The other galleries chart the Army’s role in creating the state of Great Britain, starting with 1066 and we particularly liked the Changing the World gallery on level 1. Full of quirky little exhibits, such as Florence Nightingale’s lamp and the skeleton of Napoleon’s horse, you could easily wile away half an hour just looking at the vast model of the Battle of Waterloo and listening to the commentary.

Entrance to the National Army Museum is free and at weekends and holidays there are family events and hands on activities. Check out their web site to plan your visit and check with reception for times of any other activities.  www.national-army-museum.ac.uk

Upon leaving the museum turn left past Tite Street, (home at one time or another to Bertrand Russell, James Whistler and Oscar Wilde) and continue along Royal Hospital Road to the Chelsea Physic Garden. The Royal Society of Apothecaries founded the garden in 1673 and in 1732 the garden sent the first cotton seeds to the American colonies and also houses Britain’s oldest olive tree. The garden is only open in summer. Check their website for details -  www.chelseaphysicgarden.co.uk. The garden marks the beginning of Cheyne Walk, the home of artists and ‘bohemians’ since the nineteenth century. George Eliot, Henry James, Dante Gabriel Rossetti and more recently Mick Jagger and Keith Richards have all made this beautiful little street their home.

From Cheyne Walk, turn left and walk across Albert Bridge. For those in your group who are still in ‘Army’ mode, make sure you observe the sign at the start of the bridge – ‘All troops must break step when marching over this bridge’! At the end of the bridge, you will be in Battersea (or South Chelsea, as some residents like to call it!) and then turn left through The Albert Gate into the pretty and tranquil Battersea Park. Walk away from the river, towards the Sun Gate and find the adventure playground and play area and let the children run off some energy. If it’s not too cold, a nice place for a picnic is the fountain lake in the middle of the park. Between mid March and mid November you can watch a spectacular hourly water display, but even in the winter, when the display is not on, it is a pretty place to sit and watch the world go by. Take time to appreciate the Buddhist Peace Pagoda, situated equidistant from Albert Bridge and Chelsea Bridge and visible from the river. A Buddhist monk, Gyoro Nagese first arrived in England from Japan in 1978 to assist in the construction of a peace pagoda in Milton Keynes and through a series of strange coincidences, moved to London in 1984 to assist in building the peace pagoda in Battersea Park.
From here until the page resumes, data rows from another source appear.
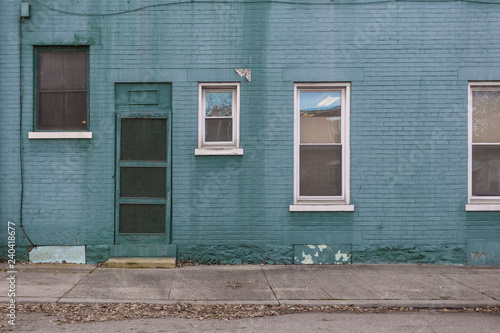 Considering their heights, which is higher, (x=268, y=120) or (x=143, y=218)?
(x=268, y=120)

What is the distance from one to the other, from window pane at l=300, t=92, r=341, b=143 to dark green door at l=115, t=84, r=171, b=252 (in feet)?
7.61

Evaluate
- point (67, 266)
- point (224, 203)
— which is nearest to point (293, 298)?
point (224, 203)

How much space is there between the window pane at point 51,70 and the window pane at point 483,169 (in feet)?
23.5

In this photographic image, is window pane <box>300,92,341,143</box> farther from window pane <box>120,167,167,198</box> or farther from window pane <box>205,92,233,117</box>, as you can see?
window pane <box>120,167,167,198</box>

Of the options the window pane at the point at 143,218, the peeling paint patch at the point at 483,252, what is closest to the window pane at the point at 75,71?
the window pane at the point at 143,218

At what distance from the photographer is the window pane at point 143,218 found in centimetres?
786

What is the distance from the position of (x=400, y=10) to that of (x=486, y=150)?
2803mm

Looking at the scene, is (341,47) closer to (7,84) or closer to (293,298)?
(293,298)

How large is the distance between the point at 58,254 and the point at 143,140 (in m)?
2.34

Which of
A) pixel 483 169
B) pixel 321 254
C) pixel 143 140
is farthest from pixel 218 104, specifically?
pixel 483 169

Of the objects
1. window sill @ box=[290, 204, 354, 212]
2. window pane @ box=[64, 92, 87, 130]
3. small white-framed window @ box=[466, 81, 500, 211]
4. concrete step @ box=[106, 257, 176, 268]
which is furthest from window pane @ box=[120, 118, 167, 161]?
small white-framed window @ box=[466, 81, 500, 211]

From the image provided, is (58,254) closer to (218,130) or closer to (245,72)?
(218,130)

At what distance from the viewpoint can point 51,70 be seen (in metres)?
7.94

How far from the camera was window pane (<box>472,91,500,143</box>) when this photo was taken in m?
8.05
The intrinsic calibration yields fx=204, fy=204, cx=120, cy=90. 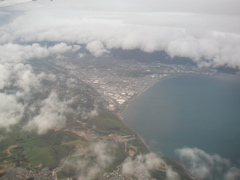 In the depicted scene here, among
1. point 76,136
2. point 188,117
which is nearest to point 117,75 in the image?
point 188,117

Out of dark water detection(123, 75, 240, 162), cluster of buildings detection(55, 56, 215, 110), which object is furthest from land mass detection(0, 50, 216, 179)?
dark water detection(123, 75, 240, 162)

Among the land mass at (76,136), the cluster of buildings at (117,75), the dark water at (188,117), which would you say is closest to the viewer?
the land mass at (76,136)

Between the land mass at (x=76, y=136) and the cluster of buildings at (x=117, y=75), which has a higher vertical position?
the land mass at (x=76, y=136)

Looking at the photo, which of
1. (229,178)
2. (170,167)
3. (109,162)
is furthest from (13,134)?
(229,178)

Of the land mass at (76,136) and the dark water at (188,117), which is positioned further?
the dark water at (188,117)

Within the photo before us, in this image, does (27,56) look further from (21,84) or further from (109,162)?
(109,162)

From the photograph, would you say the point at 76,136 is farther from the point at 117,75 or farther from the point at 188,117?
the point at 117,75

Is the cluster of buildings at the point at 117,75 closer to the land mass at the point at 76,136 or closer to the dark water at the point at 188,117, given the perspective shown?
the land mass at the point at 76,136

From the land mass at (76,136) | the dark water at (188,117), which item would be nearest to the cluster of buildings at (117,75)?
the land mass at (76,136)

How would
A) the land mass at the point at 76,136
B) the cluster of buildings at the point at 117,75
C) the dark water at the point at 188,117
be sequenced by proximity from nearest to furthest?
the land mass at the point at 76,136, the dark water at the point at 188,117, the cluster of buildings at the point at 117,75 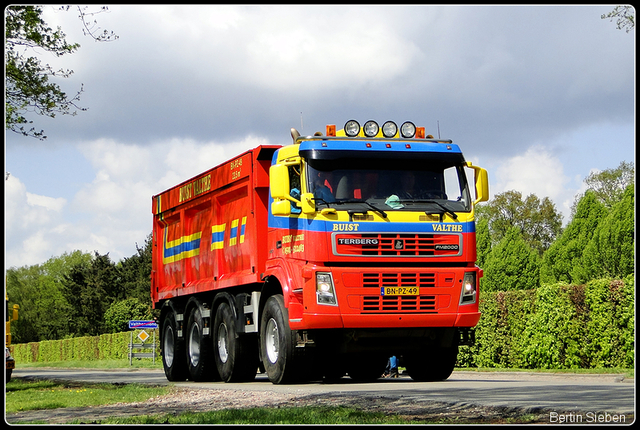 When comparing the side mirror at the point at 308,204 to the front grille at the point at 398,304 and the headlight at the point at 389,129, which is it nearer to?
the front grille at the point at 398,304

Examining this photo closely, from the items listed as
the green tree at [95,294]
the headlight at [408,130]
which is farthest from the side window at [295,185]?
the green tree at [95,294]

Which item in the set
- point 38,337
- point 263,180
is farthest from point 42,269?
point 263,180

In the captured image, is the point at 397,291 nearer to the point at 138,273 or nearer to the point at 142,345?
the point at 142,345

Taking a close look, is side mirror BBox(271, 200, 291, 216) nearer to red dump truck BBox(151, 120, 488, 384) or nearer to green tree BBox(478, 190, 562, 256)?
red dump truck BBox(151, 120, 488, 384)

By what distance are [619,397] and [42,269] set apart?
125 m

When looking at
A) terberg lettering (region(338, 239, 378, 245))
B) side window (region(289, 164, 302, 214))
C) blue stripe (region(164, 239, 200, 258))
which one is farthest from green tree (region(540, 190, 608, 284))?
terberg lettering (region(338, 239, 378, 245))

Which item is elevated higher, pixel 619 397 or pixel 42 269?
pixel 42 269

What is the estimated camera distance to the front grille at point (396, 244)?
14.3m

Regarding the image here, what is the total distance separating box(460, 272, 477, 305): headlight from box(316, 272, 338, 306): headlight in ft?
7.03

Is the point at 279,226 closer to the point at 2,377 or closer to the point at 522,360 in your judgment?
the point at 2,377

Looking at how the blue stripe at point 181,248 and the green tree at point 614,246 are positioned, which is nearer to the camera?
the blue stripe at point 181,248

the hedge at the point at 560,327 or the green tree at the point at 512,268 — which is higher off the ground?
the green tree at the point at 512,268

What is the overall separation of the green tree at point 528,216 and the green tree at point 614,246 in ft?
89.0

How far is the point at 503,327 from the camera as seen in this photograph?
28.5 meters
‘It is a very spiritual place. It is peaceful, there is no confrontation. People don’t even need to pray, they just find peace here’ - Rev Gyoro Nagese

It’s no surprise, to early morning joggers and dog-walkers, to see the saffron-robed Buddhist monk, gently beating a drum as he does a daily perambulation at sunrise from his temple to the Peace Pagoda. More details of the peace pagoda and the unusual circumstances surrounding the construction can be found at  www.batterseapark.org/html/pagoda.html

If you still have some energy left, the park also houses the small Battersea Park Children’s Zoo (Admission fee applies.), with monkeys, lemurs, otters, meerkats and mynah birds, as well as a play area and café. Check out their website for details of holiday events including visits from Father Christmas. www.batterseaparkzoo.co.uk
Finally, head across the river on Chelsea Bridge and head up Chelsea Bridge Road to Sloane Square Station to take the troops home for some tasty ‘rations’ after their manoeuvres around the capital!